The abovementioned Selective Memories anthology did its job quite well, effectively introducing newcomers to a deep and decades-long musical trajectory, specifically Luther Russell’s contribution to ’90s group The Freewheelers and a big hunk of his solo work. It also included enough high-quality unheard material that listeners already hip to guy would likely rate its career retrospective aims as the opposite of superfluous.

Surely many of those fans were immediately chuffed by Selective Memories’ two unreleased cuts from Russell’s early band with Jakob Dylan (The Bootheels) and one by his later, short-lived outfit with Black Crowes guitarist Marc Ford (Federale), but it was just as swank how disc two wrapped with a new song that neither sunk into anticlimax nor downright stank up the joint.

‘Twas just the reverse, as “The Sound of Rock & Roll” found Russell getting back to something like his roots and with heavy emphasis on Big Star; in the right hands, that’s never a bad thing.

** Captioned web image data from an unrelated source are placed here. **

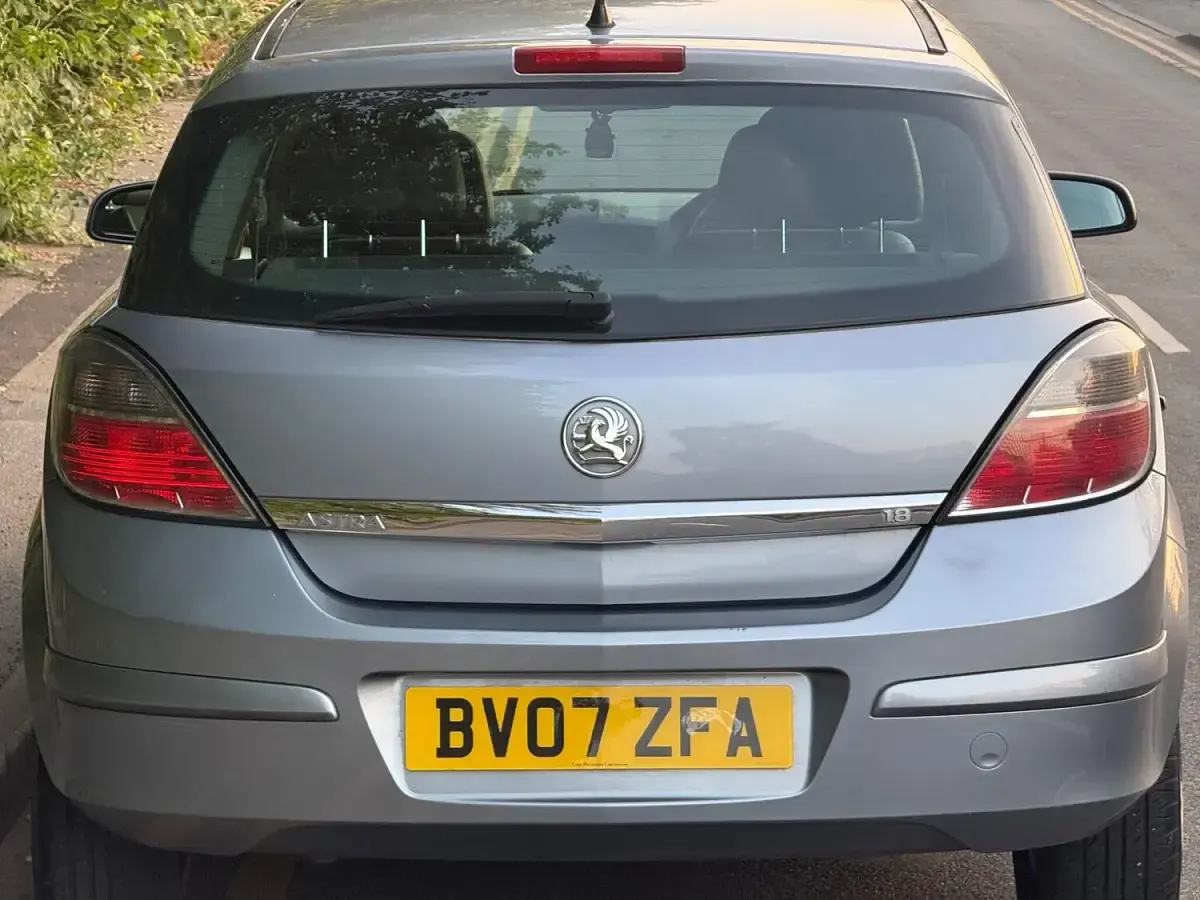 Used Vauxhall Astra Design Edition 138 HP (101 kW) 2007 Silver Hatchback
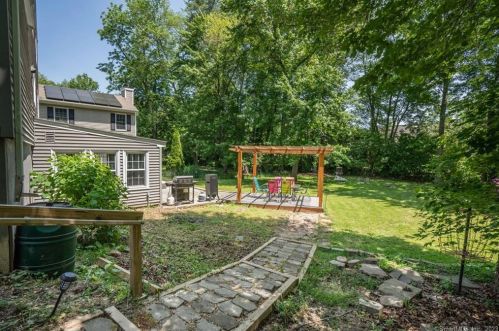 200 Mountain Rd, Hartford CT  06111-1509 exterior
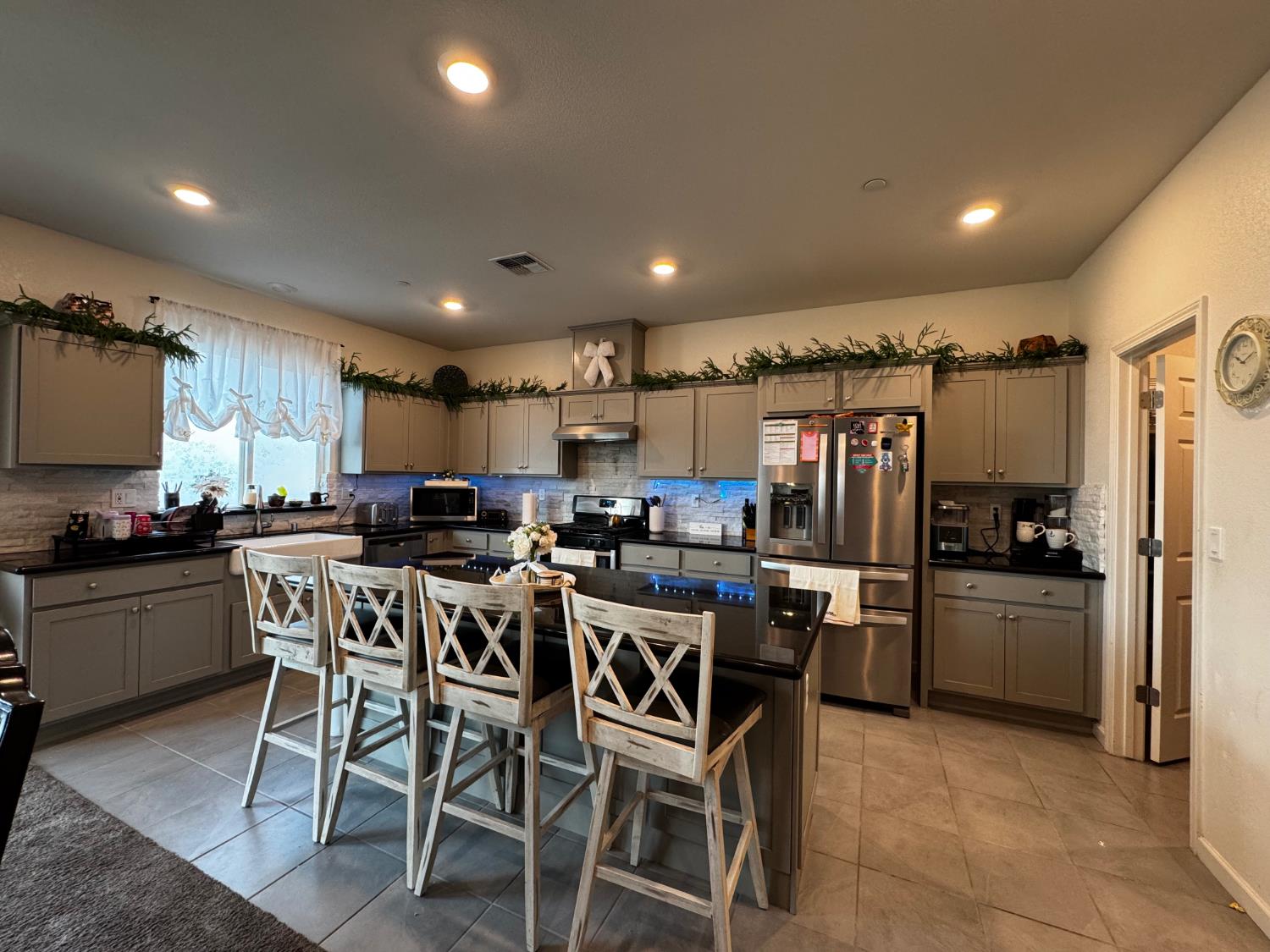 806 E Curtis Ave, Fowler, CA 93625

To the contrary, it’s very good thing, a splendid thing even, and Russell’s hands are right as a late-afternoon rain shower in the midst of April.

Last November Fluff & Gravy put “The Sound of Rock & Roll” out on a 45, though I didn’t reconnect with it at the time. However, I did just catch up with the jangle potency of its B-side “Saturday’s Child,” a track from the sessions for Medium Cool that didn’t make the album cut, and its quality is far from negligible. Indeed, Russell fans who missed it upon initial release should seek it out, as copies are still available. The same is true for interested newbies.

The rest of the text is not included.